PROBLEM:
What you give back should be exactly the lines from the one with "this 1270×952 image." through the end of the data, without the pictures.

-----

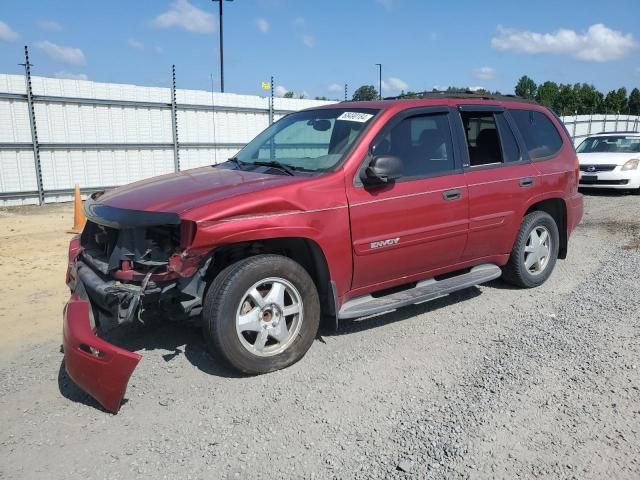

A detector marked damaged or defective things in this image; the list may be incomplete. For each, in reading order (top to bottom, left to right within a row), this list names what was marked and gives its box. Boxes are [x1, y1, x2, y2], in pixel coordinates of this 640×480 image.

cracked hood [97, 167, 302, 216]
damaged red suv [63, 94, 584, 412]
detached bumper piece [63, 292, 141, 412]
crushed front bumper [63, 292, 141, 412]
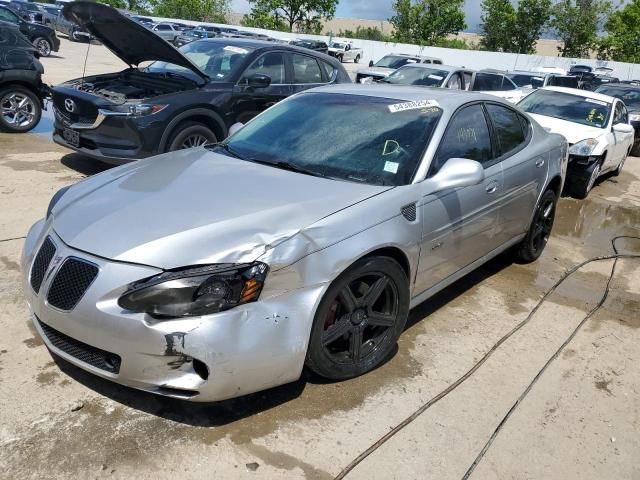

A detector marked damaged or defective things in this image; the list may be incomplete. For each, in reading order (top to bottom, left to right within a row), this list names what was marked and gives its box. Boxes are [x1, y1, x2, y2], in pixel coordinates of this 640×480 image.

damaged front bumper [22, 221, 328, 402]
broken headlight lens [117, 262, 268, 318]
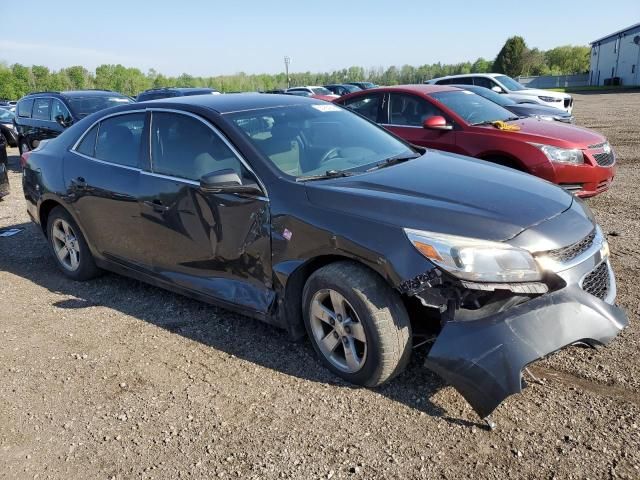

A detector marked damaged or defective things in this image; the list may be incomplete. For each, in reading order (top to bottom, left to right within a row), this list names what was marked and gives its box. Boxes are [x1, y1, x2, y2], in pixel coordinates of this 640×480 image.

shattered headlight [528, 142, 584, 164]
black damaged sedan [22, 93, 628, 420]
shattered headlight [402, 228, 544, 284]
crushed front bumper [422, 256, 628, 418]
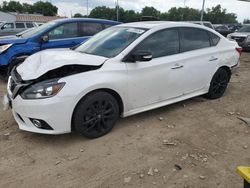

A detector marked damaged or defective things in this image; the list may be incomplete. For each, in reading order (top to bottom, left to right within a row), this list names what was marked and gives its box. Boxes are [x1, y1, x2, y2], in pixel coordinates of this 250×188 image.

crumpled hood [16, 48, 108, 81]
broken headlight [20, 79, 65, 100]
damaged front end [8, 63, 101, 100]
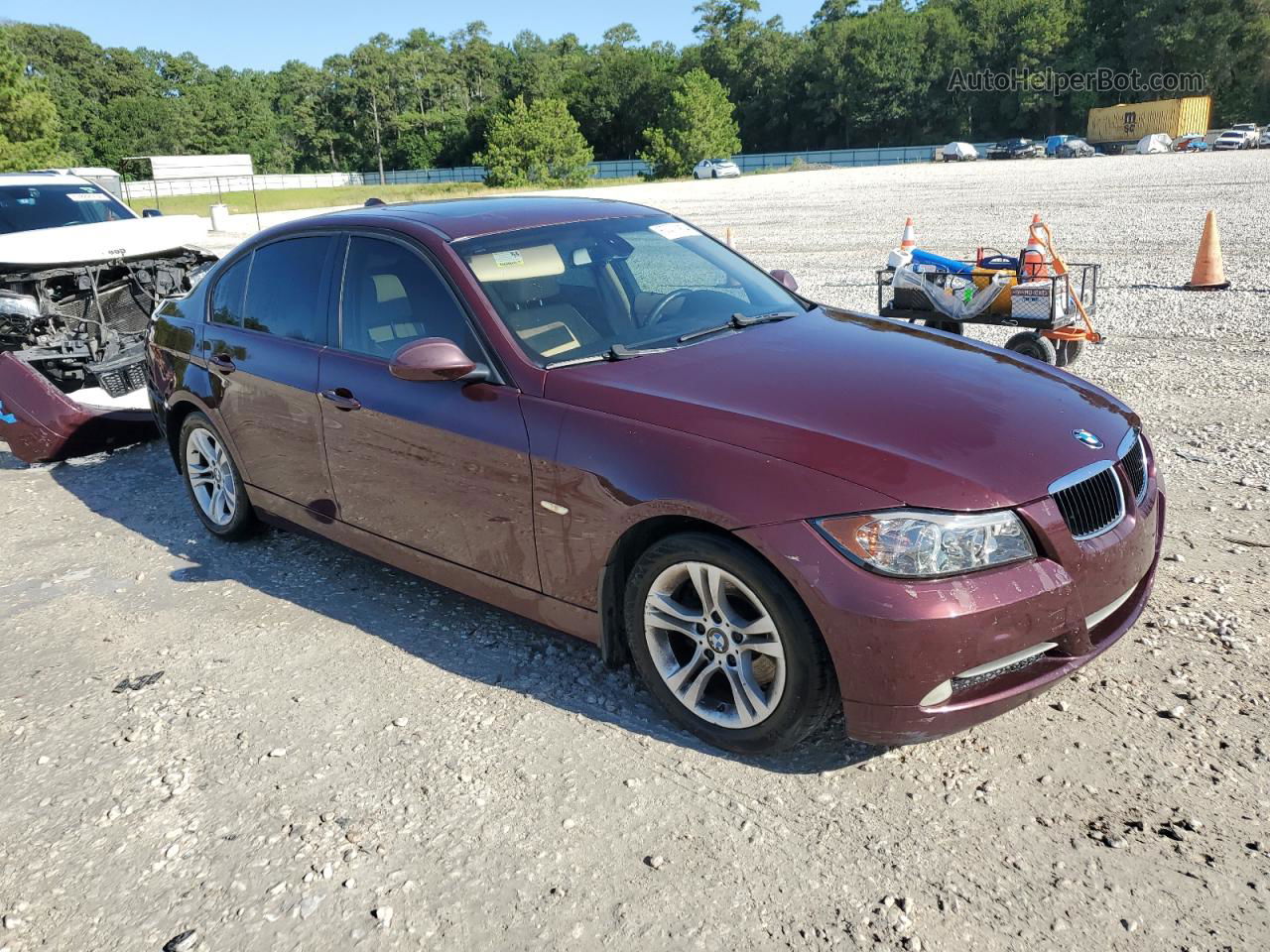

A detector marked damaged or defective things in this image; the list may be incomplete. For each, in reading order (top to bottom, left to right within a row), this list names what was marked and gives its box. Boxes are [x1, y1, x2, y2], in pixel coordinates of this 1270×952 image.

damaged white suv [0, 176, 215, 469]
damaged red car [0, 176, 215, 469]
damaged red car [144, 197, 1163, 756]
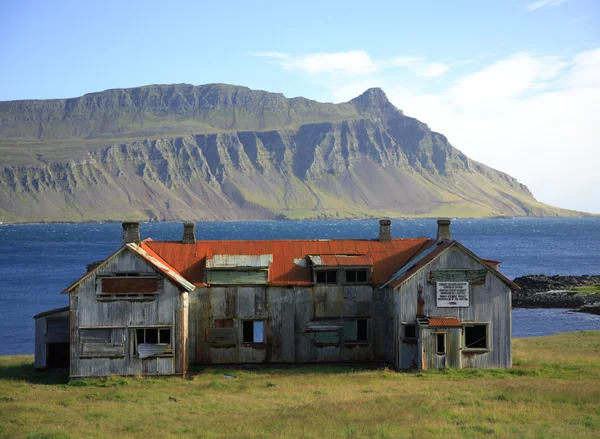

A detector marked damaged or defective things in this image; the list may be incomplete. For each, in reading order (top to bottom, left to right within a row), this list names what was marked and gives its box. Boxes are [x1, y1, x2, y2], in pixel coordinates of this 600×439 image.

rusty metal roof [142, 239, 432, 288]
broken window [134, 328, 173, 360]
broken window [241, 322, 264, 346]
broken window [344, 320, 368, 344]
broken window [464, 324, 488, 350]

-----

SOLUTION FOR THIS PROBLEM:
A detector marked damaged or defective things in this image; the list may be incomplete. For each, in reading order (top to bottom, left to right within a row), this list names what was marked and gives its box. Boxes are [x1, y1, x2, y2], in pixel coordinates of this 1270×952 image.

damaged white suv [0, 176, 215, 469]
damaged red car [0, 176, 215, 469]
damaged red car [144, 197, 1163, 756]

A detector marked damaged or defective things in this image; the list may be incomplete. For each, in reading order (top to bottom, left to right within a row), this list names what was marked and gives its box. Boxes are [x1, y1, x2, y2], in pixel coordinates of this 600×439 image.

rusty metal roof [142, 239, 432, 288]
broken window [134, 328, 173, 360]
broken window [241, 322, 264, 346]
broken window [344, 320, 368, 344]
broken window [464, 324, 488, 350]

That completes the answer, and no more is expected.